Reversible blockage of neurite development and growth cone formation in neuronal cultures of a temperature-sensitive mutant of Drosophila

Abstract

It has been suggested that the membrane recycling process in the Drosophila mutant shibirets1 (shits1) is reversibly blocked at restrictive temperature (greater than 29 degrees C) in various cell types, including neurons, as a result of enhanced vesicle fusion and disrupted membrane pinch-off (Poodry and Edgar, 1979; Koenig et al., 1983; Kosaka and Ikeda, 1983a, b). We analyzed the neuronal development of shits1 cells at the single-cell level by using dissociated larval CNS culture. Compared to normal cultures, there was a substantial reduction in neuronal adhesion to the substratum and a retardation of growth cone formation in shits1 cultures at 30 degrees C. Time-lapse studies showed that neurite initiation and elongation in shits1 cultures were suppressed at the restrictive temperature. Differentiated shits1 neurons exhibited accelerated reabsorption and retarded arborization of neurites at 30 degrees C. The above processes were reversible since normal outgrowth was restored when the temperature was lowered.
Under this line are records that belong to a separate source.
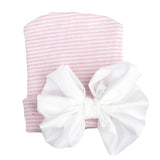 Big Bows Hospital Chiffon Newborn Hats Knitted Soft New Born Nursing Beanie Hat Photo Props Newborn Accessories for 0-6M Girls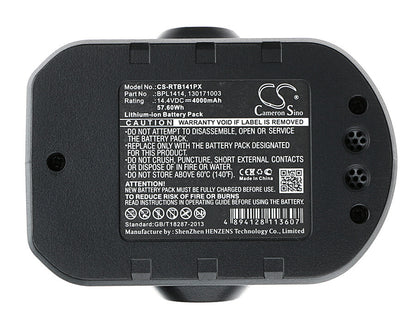 14.4V, 4000mAh, Li-ion Battery fits Ryobi, Cdd144v22, Cddi14022nf, 57.6Wh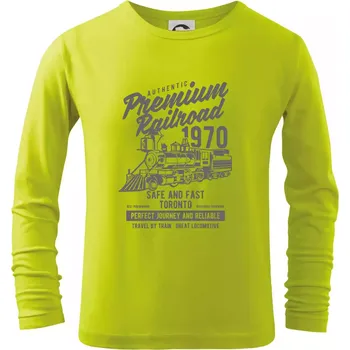 Dětská móda Premium Railroad - Triko dětské Long Sleeve - 122 cm/6 let ( Limetková )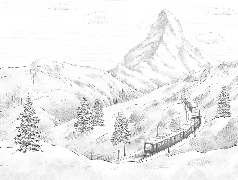 Papier peint panoramique Mont Cervin noir et blanc - Muralconcept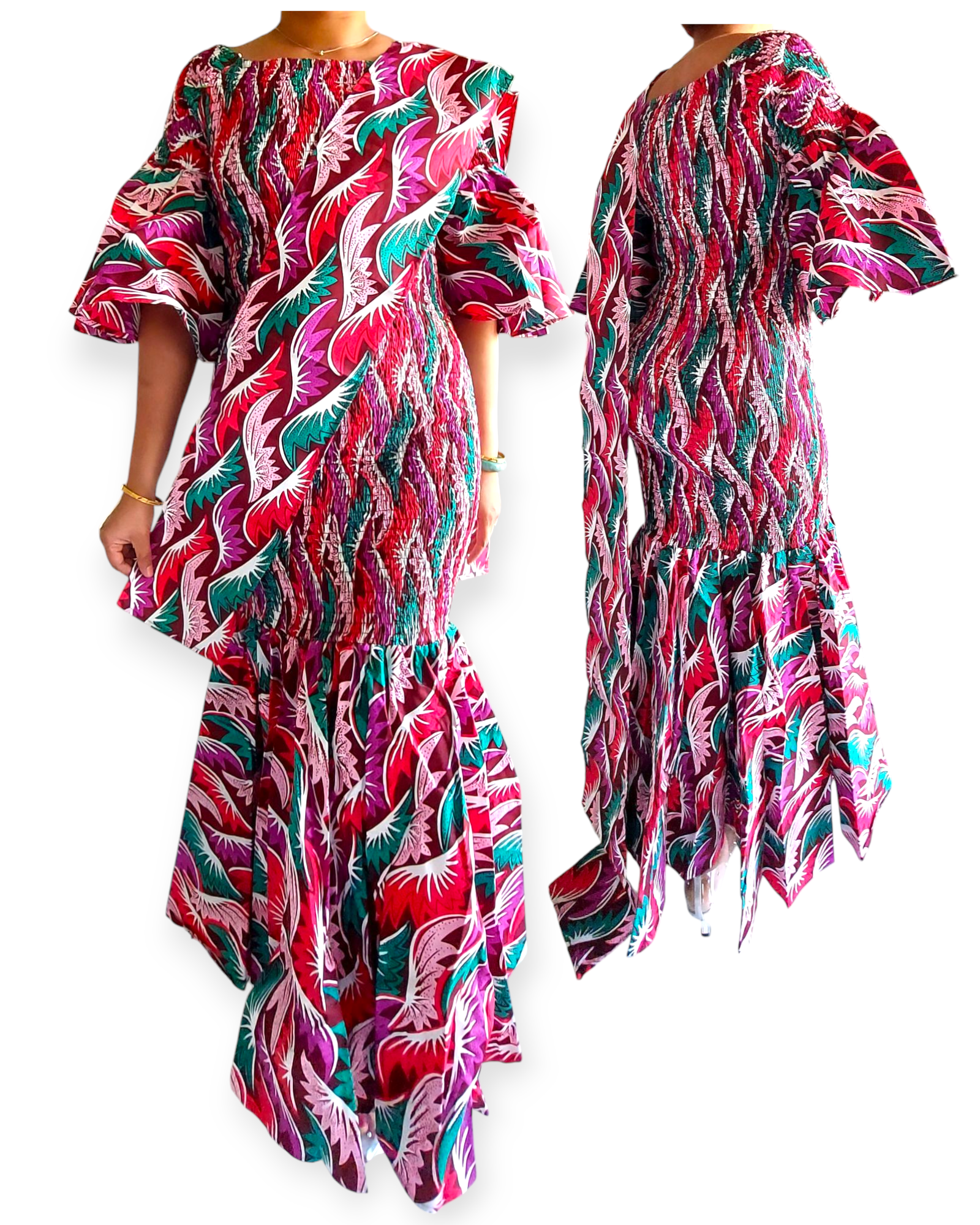 Smock Mermaid Dress - Pink Multi 9008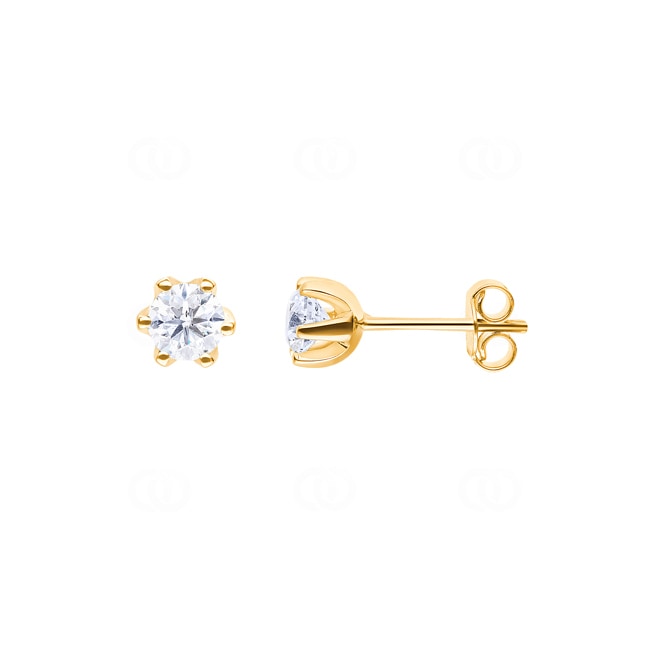 1.00 carats diamants GIA clous d'oreilles solitaire or jaune 750/18 ct en 6 griffes - CGOR002-050-GG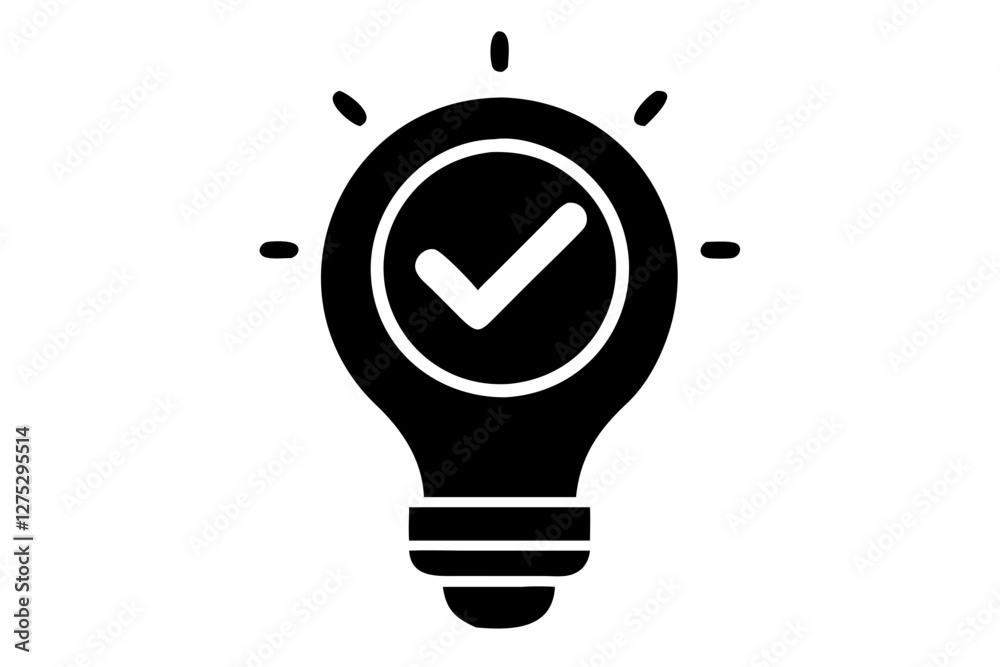 Check mark and light bulb illustration in minimal style. Light bulb silhouette vector illustration
Check mark and light bulb illustration in minimal style. Light bulb silhouette vector illustration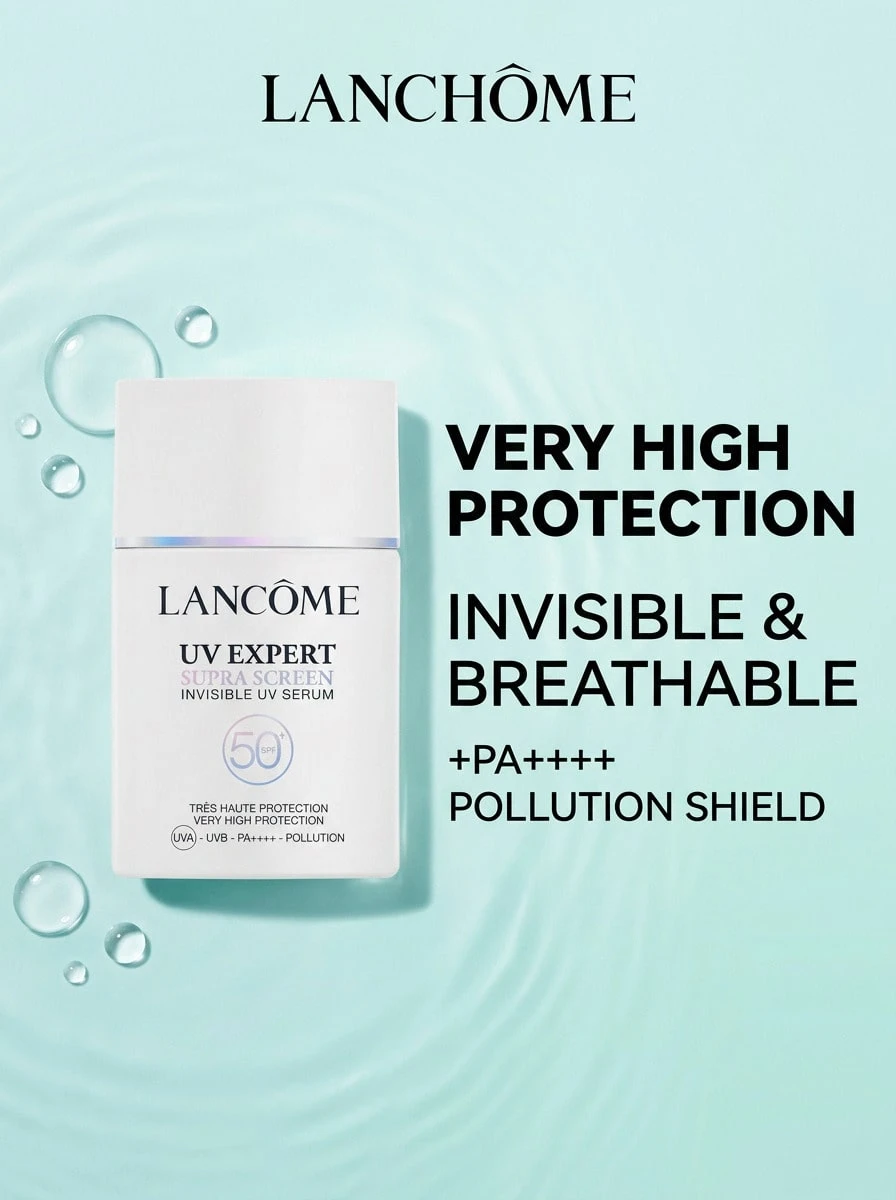 Lancôme UV Expert Supra Screen Invisible Serum Sunscreen SPF50+ 40 Ml – Sunscreen, Broad Spectrum SPF 50+, For All Skin Types, Clear, Suitable For Daily Morning Skincare - White - View 1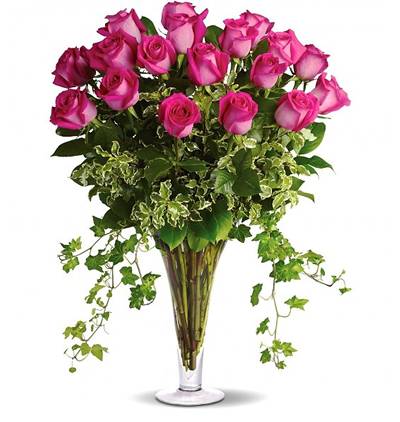 love gül Çiçeği & Ürünü Vazoda Pembe Güller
These findings provide a new line of evidence that growth cone activity determines neurite initiation, elongation, and branching. Furthermore, if the primary defect of the shits1 mutation indeed resides in a membrane recycling mechanism common to different cell types, our results would also lend strong support to the notion that membrane recycling is crucial in the regulation of neuronal membrane adhesion and growth cone activity.